BEGIN ENTRIES SHOWN

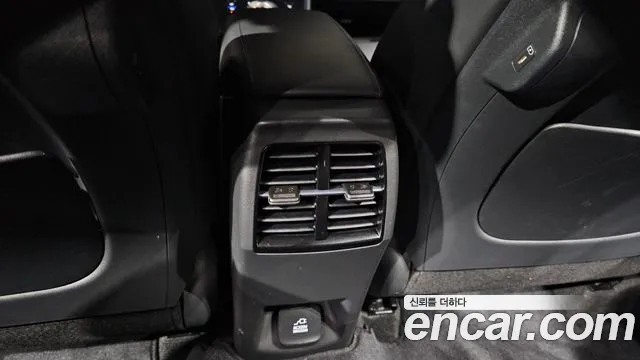 Kia Niro 2022 — фото 19
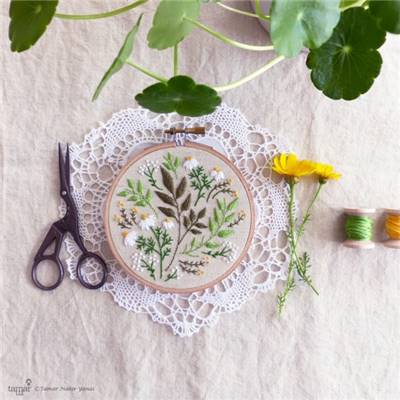 GREEN LEAVES - KIT BRODERIE 16X16CM - TAMBOUR NON INCLUS - TAMAR NY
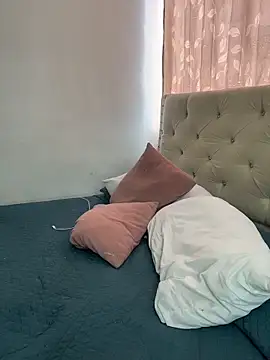 Snapshot of MeganHillss chatting on February 15, 3:20 pm MeganHillss online show from February 15, 3:20 pm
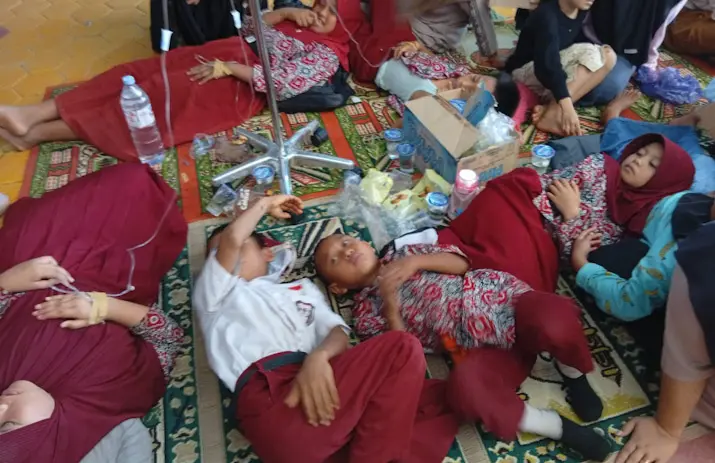BGN Sultra Lakukan Investigasi Usai Keracunan Massal di Angata, SPPG Desa Puao Diberi Garis Polisi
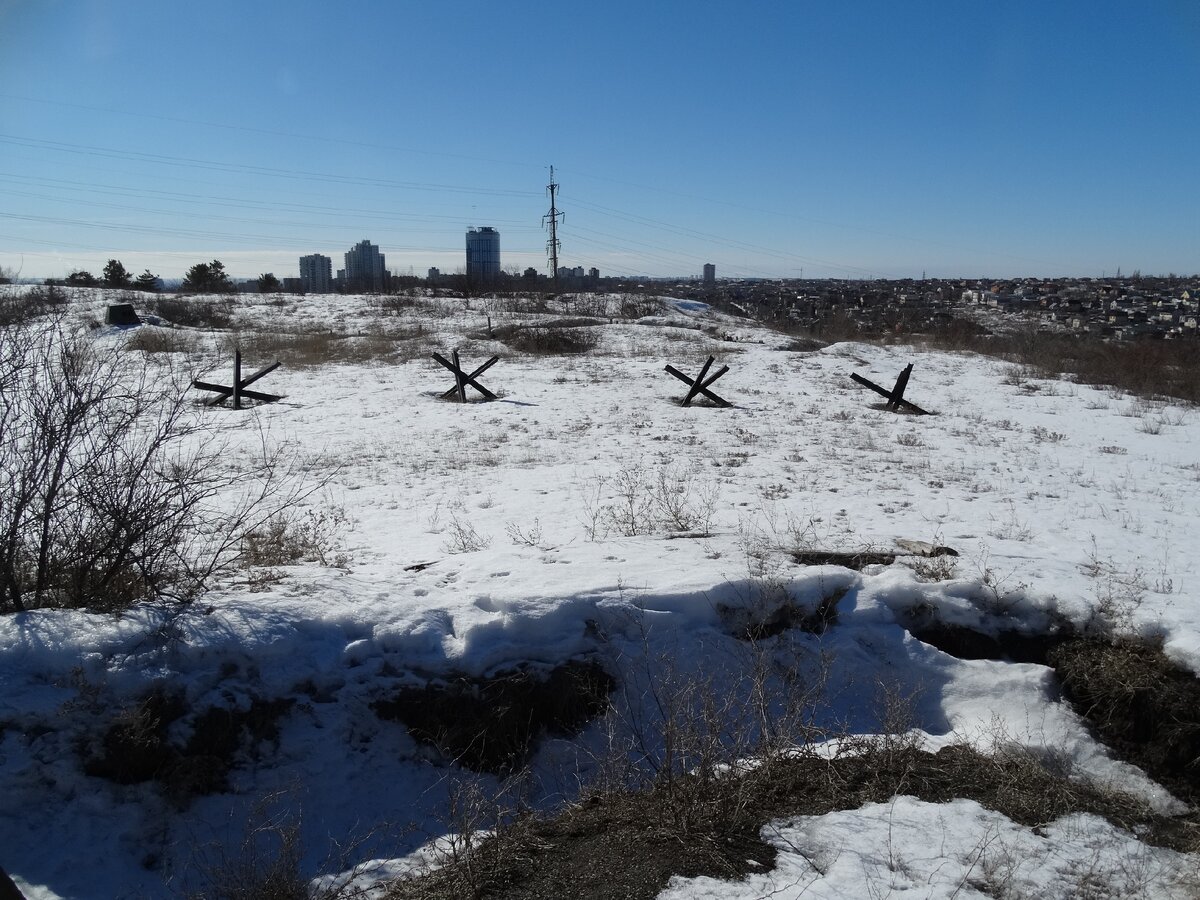 Фотографии в этой галерее сделаны на Мамаевом кургане 3 марта 2019 года.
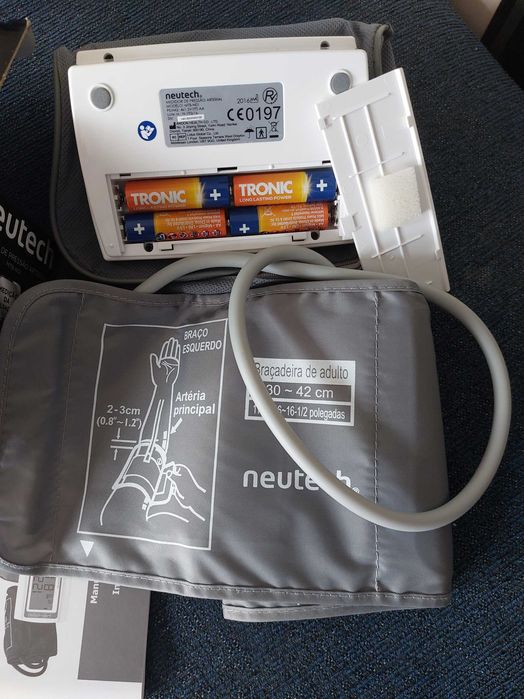 Medidor de Pressão Arterial e Pulsação Neutech novo, fácil de utilizar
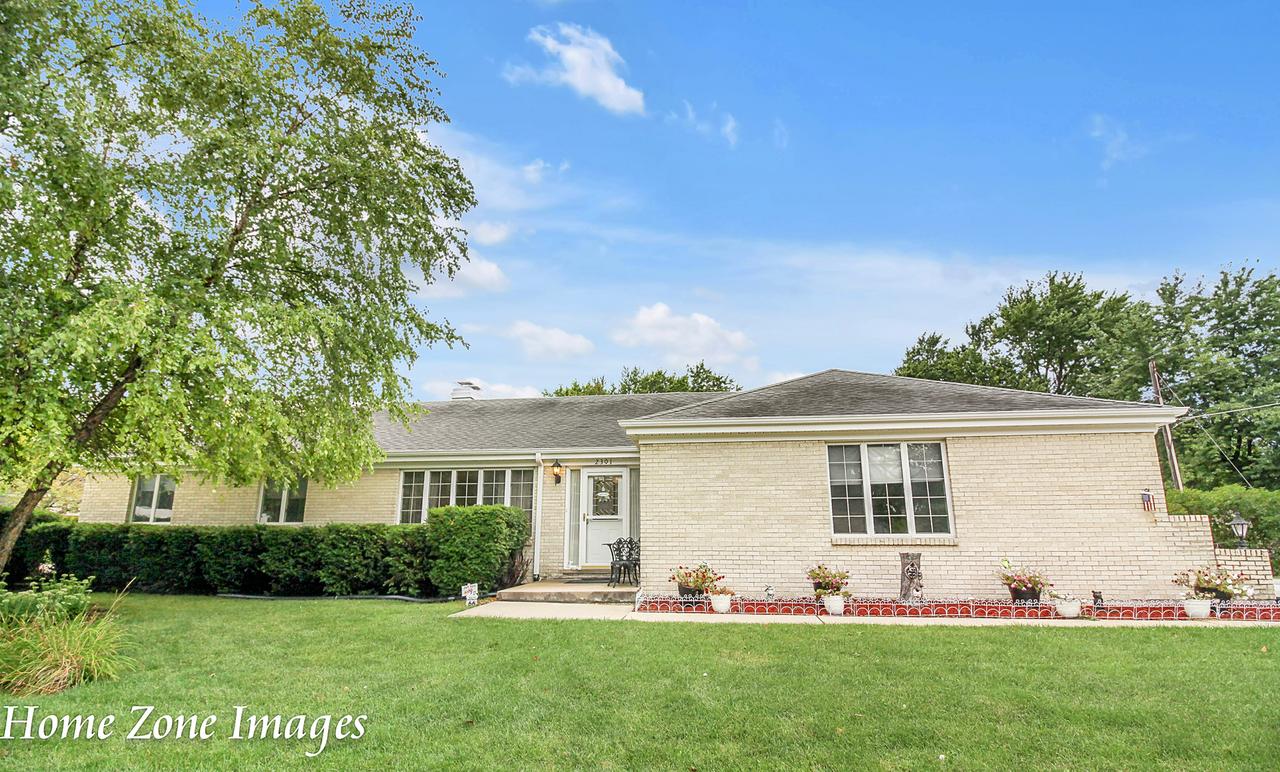 2301 Taylor St., Joliet, IL 60435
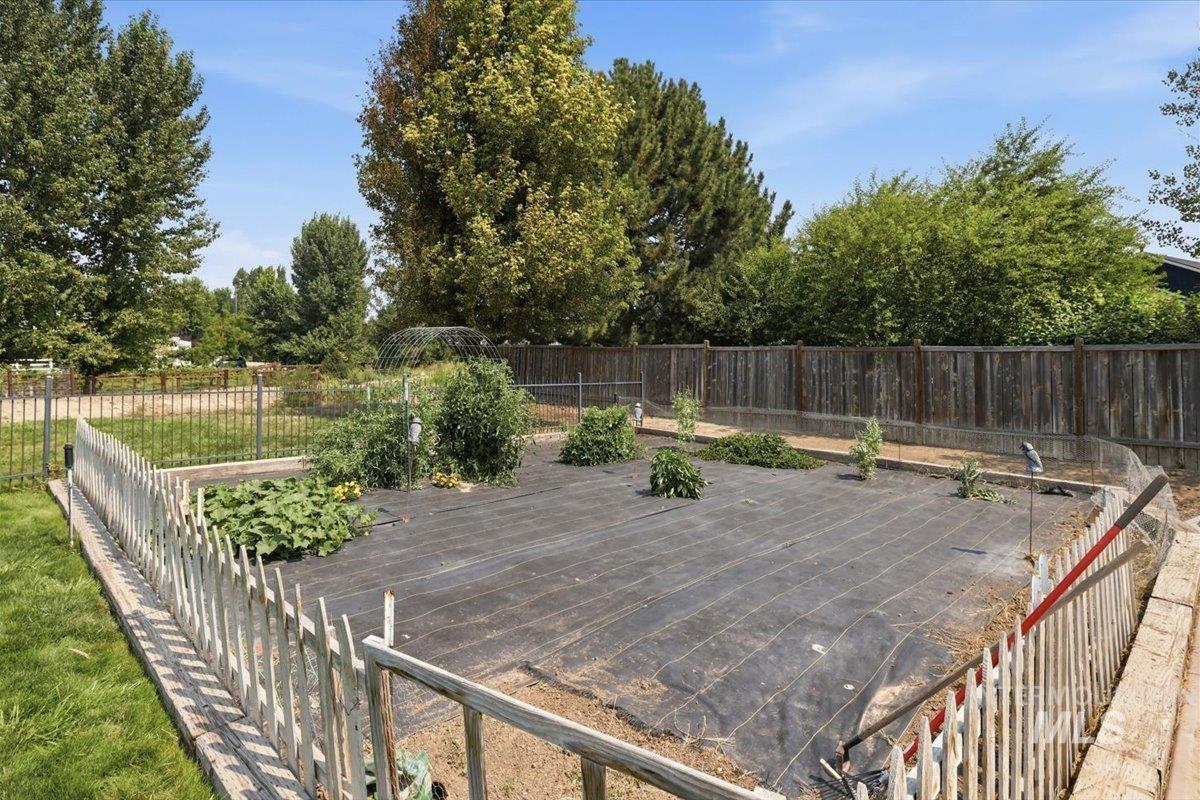 11650 Willis Dr, Middleton, Idaho 83644, 3 Bedrooms, 2 Bathrooms, Residential For Sale, Price $1,190,000,MLS 98996911
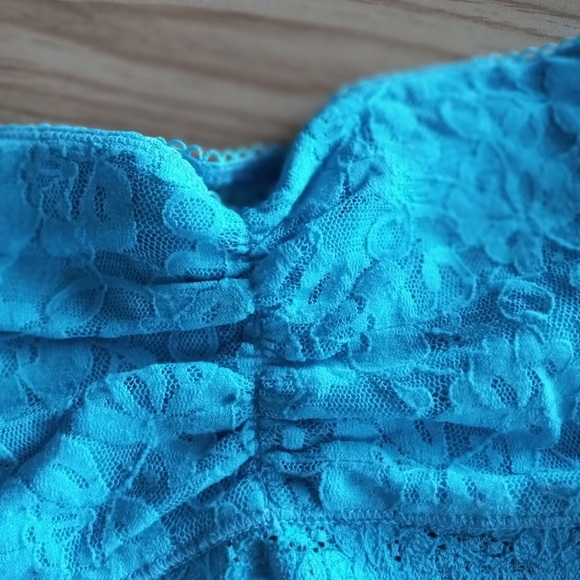 Hollister Bandeaus - Picture 6 of 7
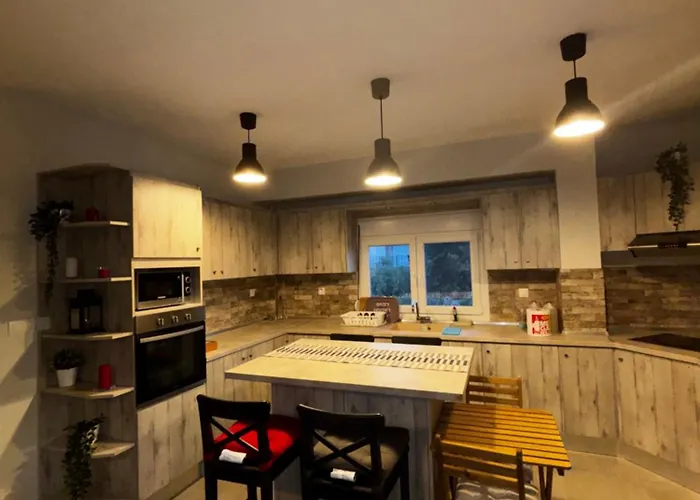 Mediterraneo With Pool & Sea View Escape Villa *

END ENTRIES SHOWN

▶ **TO DO**: Starting with the line that holds "Фотографии в этой", repeat exactly every line through the end of the material above, both ends included, without the pictures.

▶ **TASK OUTPUT**:
 Фотографии в этой галерее сделаны на Мамаевом кургане 3 марта 2019 года.
 Medidor de Pressão Arterial e Pulsação Neutech novo, fácil de utilizar
 2301 Taylor St., Joliet, IL 60435
 11650 Willis Dr, Middleton, Idaho 83644, 3 Bedrooms, 2 Bathrooms, Residential For Sale, Price $1,190,000,MLS 98996911
 Hollister Bandeaus - Picture 6 of 7
 Mediterraneo With Pool & Sea View Escape Villa *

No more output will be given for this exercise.